MONTGOMERY, Ala. — In what marked the first net gain for Democrats in the Alabama Legislature in more than 20 years, Marilyn Lands, running on reproductive rights, secured a decisive victory this week during the special election to represent House District 10 in north Alabama.
Winning by nearly 25 percentage points and flipping the district blue, the race drew national attention and has been championed by Democratic Party leaders as a bellwether of Democrats’ prospects for future election success.
Others, however, have cast doubt on whether Lands’ victory can be replicated.
Leaders in the Alabama Republican Party have largely labeled the election’s outcome as a fluke, chalking it up to low voter turnout. Others, such as Jess Brown, who taught political science at Athens State University for 26 years, said the circumstances that produced Lands’ victory were wholly unique.
The election came less than two months after a ruling from the Alabama Supreme Court that essentially granted frozen embryos similar legal protections to that of children or fetuses in the womb, a ruling that saw in vitro fertilization services shutter across the state.
Lands, who earned 45% of the vote in a 2022 bid for the seat, leaned heavily into the IVF issue during the race, and campaigned on a platform of securing reproductive rights by not only protecting IVF availability, but repealing the state’s near-total ban on abortion.
Lands this week told Alabama Daily News she sees her victory as replicable, and predicted a strong showing for Alabama Democrats in the next state election cycle.
“I definitely think that in 2026, we are going to see more seats going blue; I saw that before this issue, but I think this issue is going to really play into what happens next, and will be a key factor in that,” Lands said.
“Just from how well this resonated on election day… it was wild how many people came up to me when I was at a precinct and hugged me.
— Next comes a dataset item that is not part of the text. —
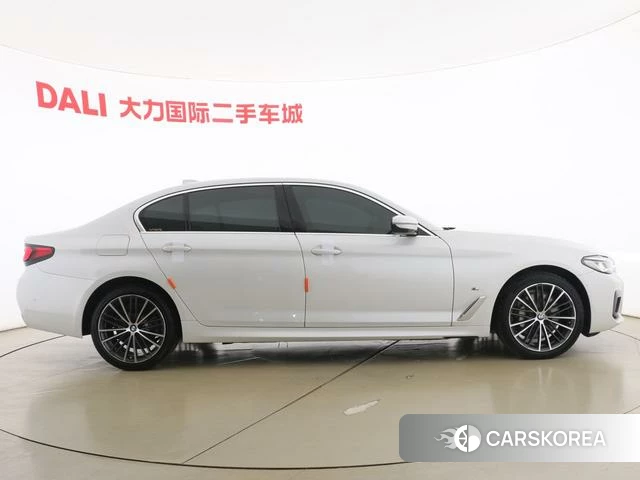 BMW 5 series id 4263949 из Китая 11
This is just something that the people want.”
District 10 includes some of the city of Madison, southwest Huntsville and Redstone Arsenal and some unincorporated parts of the county. Madison County that has not voted for a Democratic presidential candidate since Jimmy Carter in 1976.
Still, leaders of the Alabama GOP argue that the election’s low turnout, which was 14.5%, was ultimately what afforded Lands her victory, and not her campaign on reproductive rights.
“Low turnout special elections are hard to predict, and notorious for unexpected outcomes,” said Alabama GOP Chairman John Wahl in a statement following the election.
“It’s important to remember that only 14.5% of the population voted in this special election, and that is extremely low turnout when compared to a regular general election. Democrats got lucky yesterday, and the Alabama Republican Party is committed to taking this seat back in 2026.”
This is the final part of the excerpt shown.